Clean Slate Guide

Across the United States, states have passed a wave of clean slate laws designed to automatically clear eligible criminal records β€” giving millions of Americans a genuine second chance at employment and housing. But a stubborn problem has persisted: many employers still ask about criminal history on job applications, and in some cases, records that have been legally sealed or expunged can still surface in background checks conducted by commercial screening companies.

The Gap Between Record-Clearing Laws and Employer Practices

When a court seals or expunges a criminal record, the legal effect is meant to be comprehensive: the record is removed from public access, and the person whose record was cleared can honestly say they have no criminal history. But employment background checks do not always work that way. Many commercial screening companies compile their own databases by aggregating court records, arrest logs, and booking data from multiple sources β€” and these aggregated databases are not always updated immediately when a court enters a sealing order.

The result is a practical gap: a record that has been legally sealed may still appear in a commercial background check for weeks or months. During that window, an employer who runs a background check may see a record that no longer legally exists β€” and make a hiring decision based on outdated information. Researchers and advocates who track employment discrimination have documented cases in which job seekers with properly sealed records were denied employment without ever being told why or given the chance to respond.

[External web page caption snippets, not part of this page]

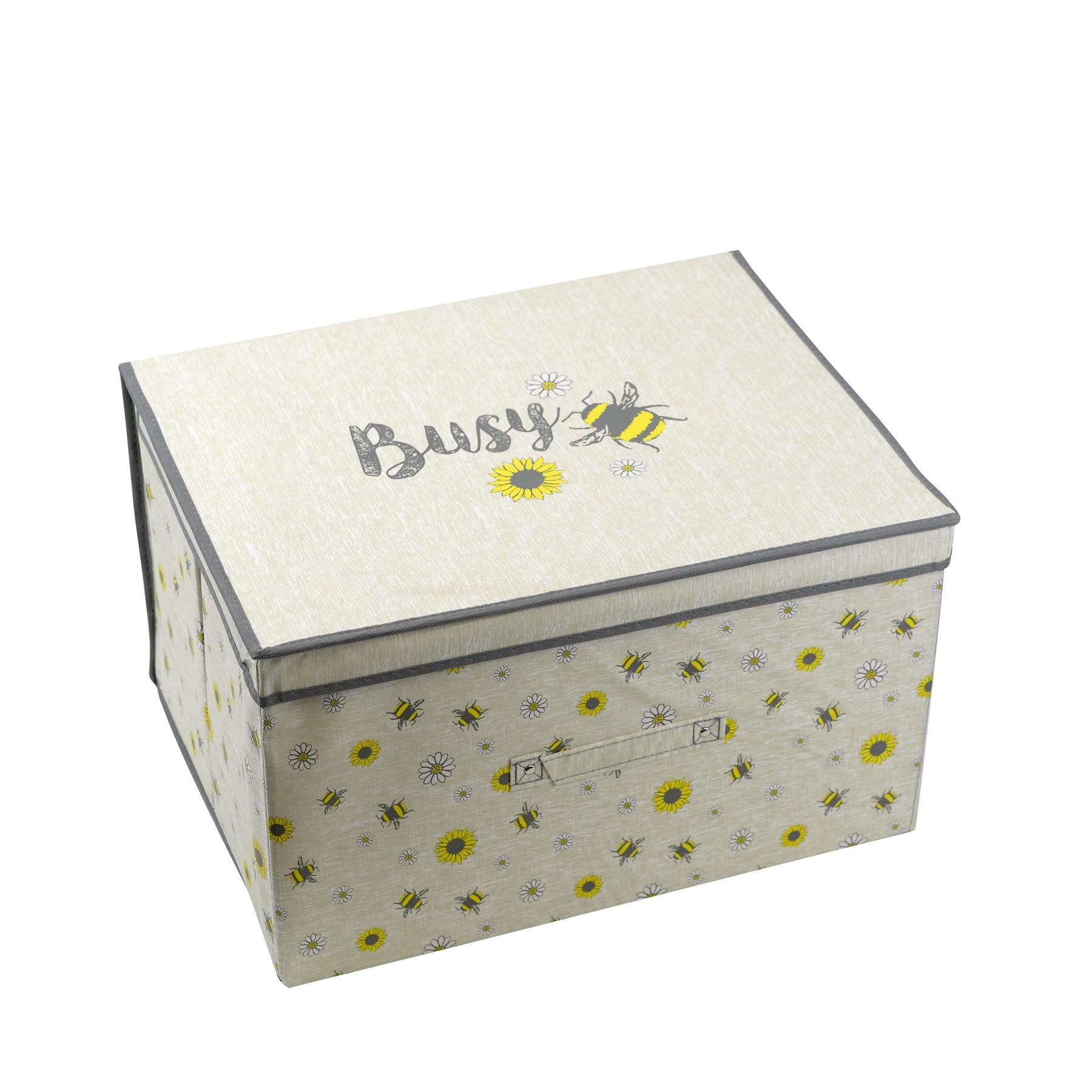 Busy Bee Storage Box by The Magic Toy Shop - The Magic Toy Shop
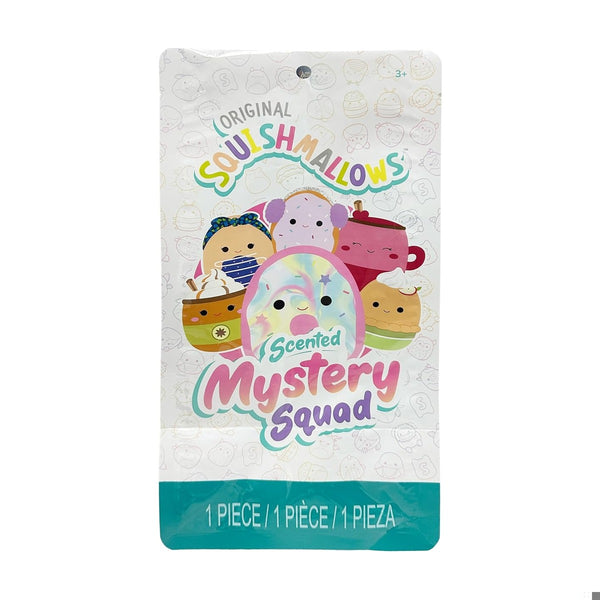 Squishmallows Scented Mystery Bags 13cm Plush W5 Sweet Treats (6 Designs)
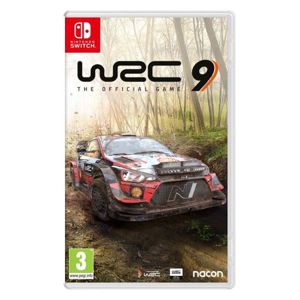 WRC 9: The Official Game NSW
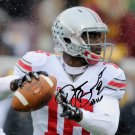 JT BARRETT SIGNED PHOTO 8X10 RP AUTOGRAPHED OHIO STATE BUCKEYES FOOTBALL ! JT BARRETT SIGNED PHOTO 8X10 RP AUTOGRAPHED OHIO STATE BUCKEYES FOOTBALL !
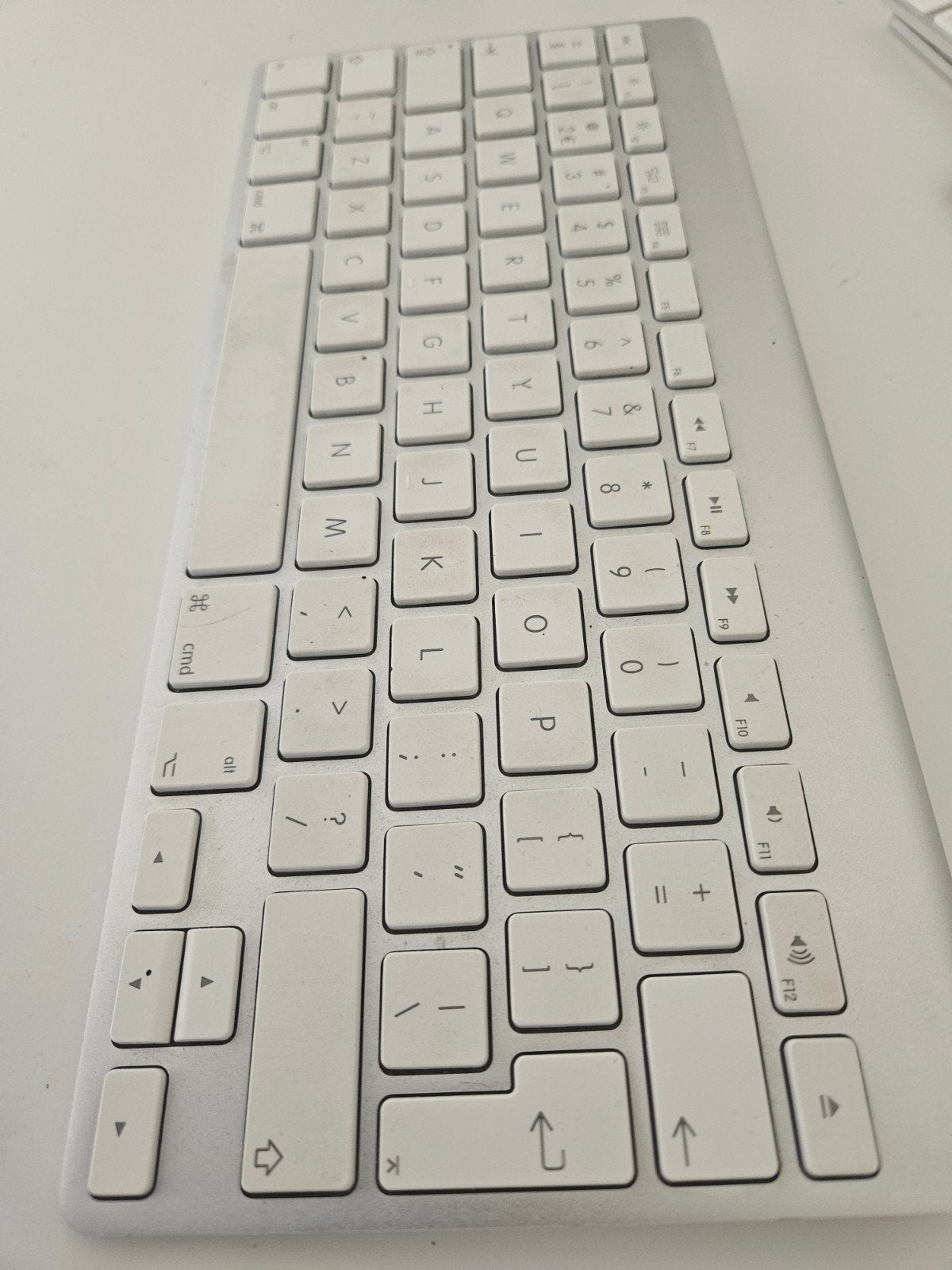 Apple Magic Keyboard (QWERTY) - Draadloos, Gebruikt, Ophalen of Verzenden, Draadloos, Qwerty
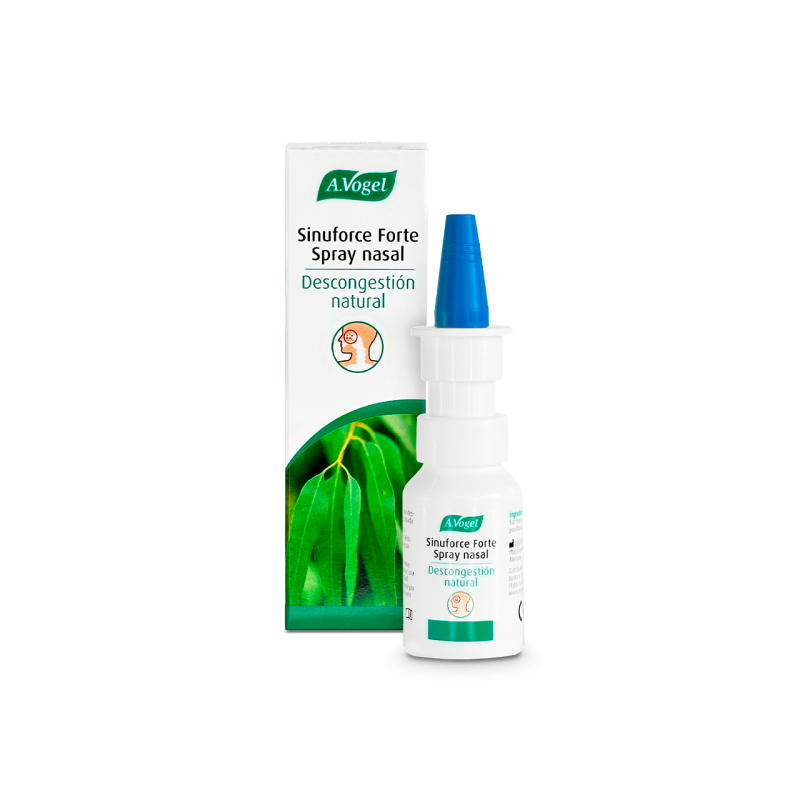 Sinuforce Forte Spray Nasal Vogel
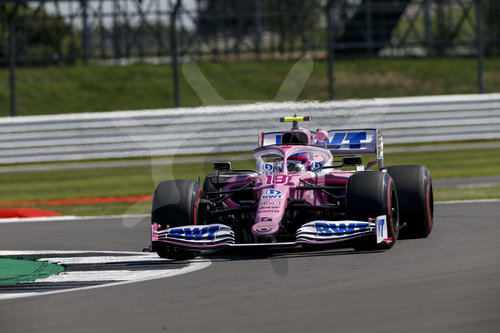 Motorsports: FIA Formula One World Championship 2020, Grand Prix of Great Britain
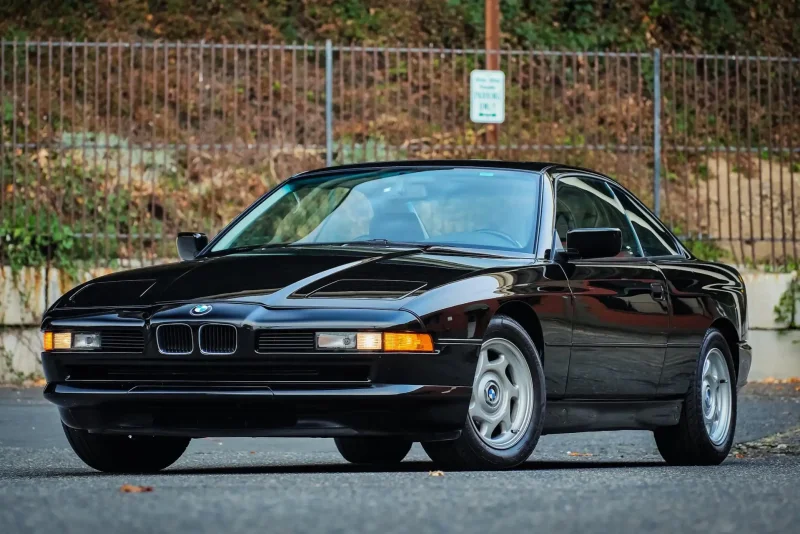 БМВ 850 ci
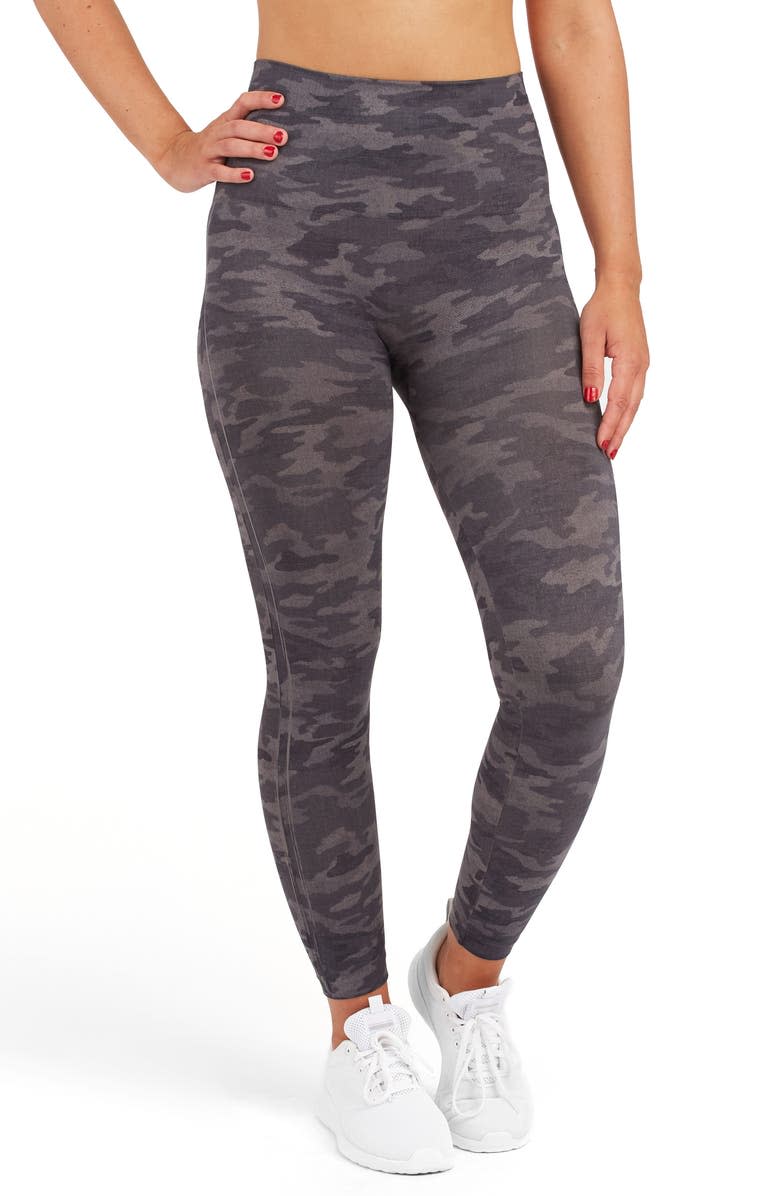 Spanx Look at Me Now Seamless Leggings. Image via Nordstrom.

What the Law Does β€” and Does Not β€” Require

The framework of laws governing employer background checks is a patchwork that varies by state. At the federal level, the EEOC has issued guidance saying employers should not automatically disqualify people with criminal records, because such exclusions can disproportionately affect Black and Hispanic workers. But this guidance does not specifically address sealed or expunged records.

The most protective state laws β€” in California, New York, Illinois, and others β€” prohibit employers from asking about sealed or expunged records on job applications and give job seekers legal recourse if an employer improperly considers a cleared record. But in many states, no such protection exists. An employer who sees a sealed record on a background check may not even know the record was cleared, and the job seeker has no clear legal remedy.

Federal agencies and positions requiring security clearances operate under their own rules, which generally allow consideration of records that have been expunged in state court.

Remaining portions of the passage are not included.